Dass jetzt auch Lützerath im Tagebau verschwinden soll, wird sowohl von RWE als auch von der Politik damit erklärt, die darunter liegende Kohle werde zur Sicherstellung der Energieversorgung benötigt. So begründeten die verantwortlichen Minister:innen Robert Habeck und Mona Neubaur (beides Grüne) auf Bundes- und Landesebene vor einigen Monaten ihren Deal mit RWE. Im Gegenzug soll der Konzern die Kohleförderung in Nordrhein-Westfalen bereits 2030 ganz einstellen. Ursprünglich war ein Ausstieg 2038 geplant.

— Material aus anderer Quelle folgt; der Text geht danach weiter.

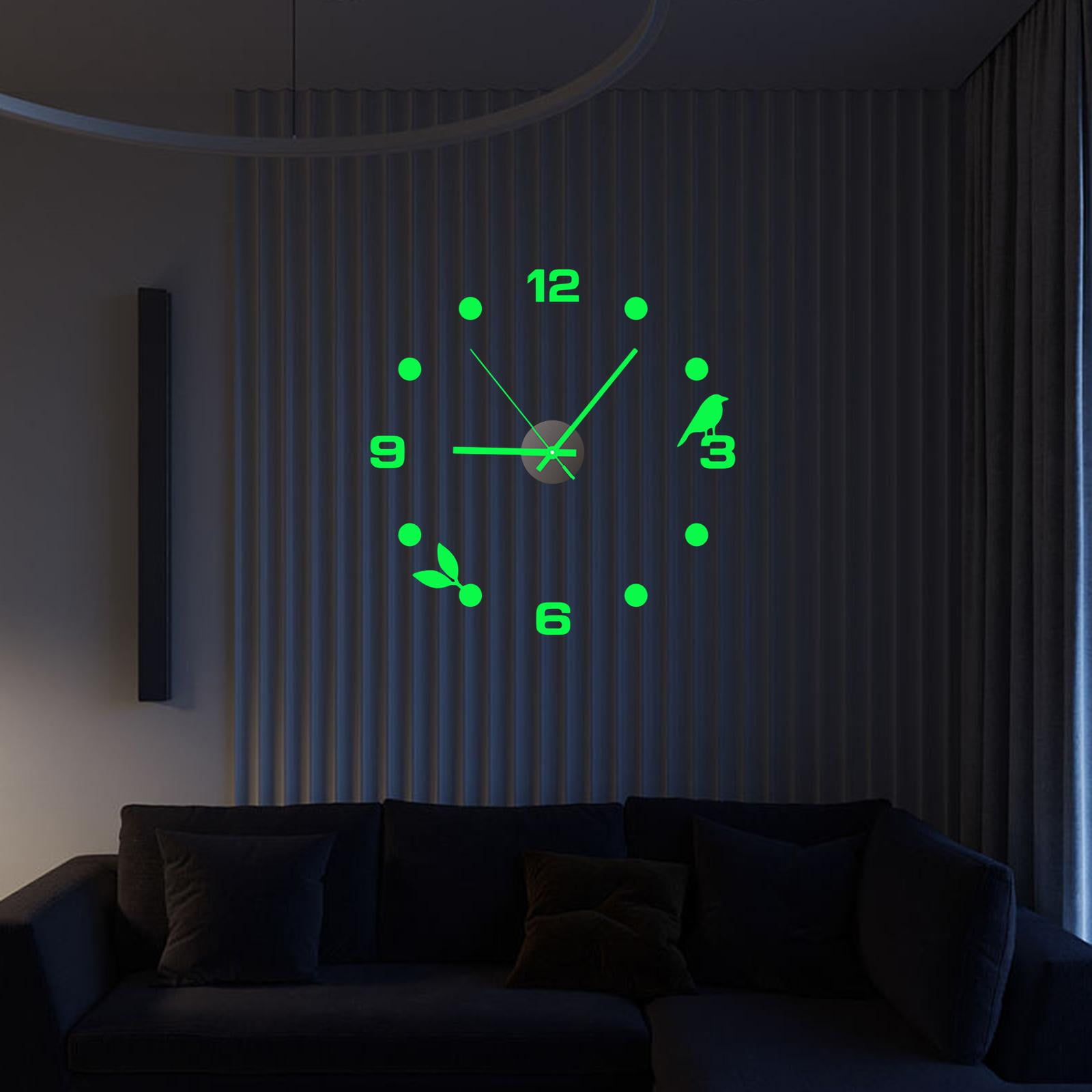 DIY Wall Clock Luminous Wall Stickers Simple Clock Silent Frameless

Je schneller, desto mehr Profit

Haben die Aktivist:innen damit nicht schon mehr erreicht, als sie erhoffen konnten? Annika Lutzke verneint. Sie ist Aktivistin beim Klimastreik Schweiz und wirkt in Lützerath als Mediensprecherin. «Mitten in der Klimakatastrophe Dörfer abzureissen, um Kohle abzubauen, ist absurd», sagt sie. Mehrere wissenschaftliche Gutachten geben ihr recht. So kommt etwa das Deutsche Institut für Wirtschaftsforschung (DIW) zum eindeutigen Schluss, dass die Kohle unter Lützerath nicht gebraucht werde, um Deutschlands Energieversorgung sicherzustellen. Das DIW kritisiert, dass die anderslautenden Studien, auf die sich wiederum RWE beruft, auf von RWE selbst zur Verfügung gestellten Zahlen basierten.

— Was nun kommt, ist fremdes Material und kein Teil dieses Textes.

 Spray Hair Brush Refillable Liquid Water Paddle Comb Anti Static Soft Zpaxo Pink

Die Forscher:innen rechnen ausserdem vor, dass der vorgezogene Kohleausstieg, den die Regierung als grossen Erfolg verkauft, gesamthaft vermutlich gar nicht zur Reduktion der CO₂-Emissionen führen wird. Er sieht nämlich auch vor, dass im nahe gelegenen Kohlekraftwerk Neurath kurzfristig noch mehr Kohle verstromt wird als ursprünglich vorgesehen.

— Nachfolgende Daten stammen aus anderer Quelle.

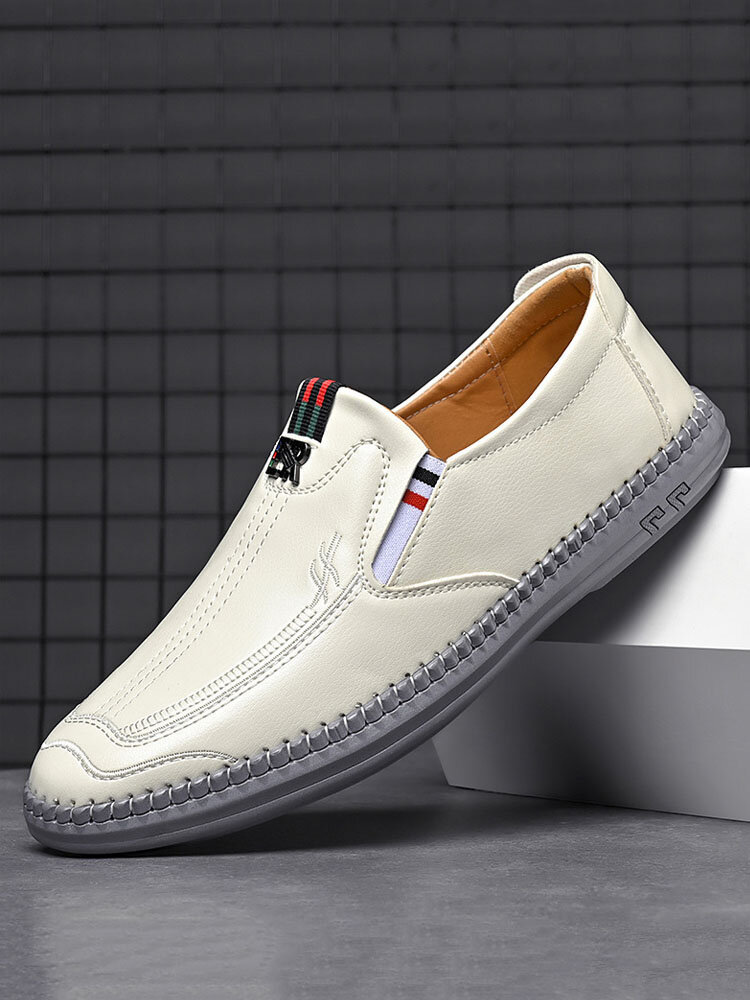 Men Hand Stitching Microfiber Leather Slip On Driving Casual Loafers Shoes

Das Beratungsunternehmen Aurora Energy Research kommt zum Schluss, dass mit dem neuen Plan sogar noch mehr CO₂ emittiert wird als ursprünglich geplant. Aurora berücksichtigt in seinen Modellen auch die Strommarktentwicklung. Demnach wäre die Braunkohleverstromung nach 2030 ohnehin kaum mehr profitabel möglich. Wegen des europäischen Emissionshandelssystems wird der Preis für die Produktion von Kohlestrom in den nächsten Jahren stark ansteigen. Derzeit lassen sich wegen der hohen Energiepreise aber noch gute Renditen damit erzielen. Aus Sicht von RWE drängt also die Zeit: Je schneller und je mehr Kohle verbrannt werden kann, desto grösser der Profit. «Hier wird nicht Kohle abgebaut, weil wir den Strom brauchen, um gut leben zu können», sagt Annika Lutzke, «sondern für den Profit von RWE und seinen Aktionären.»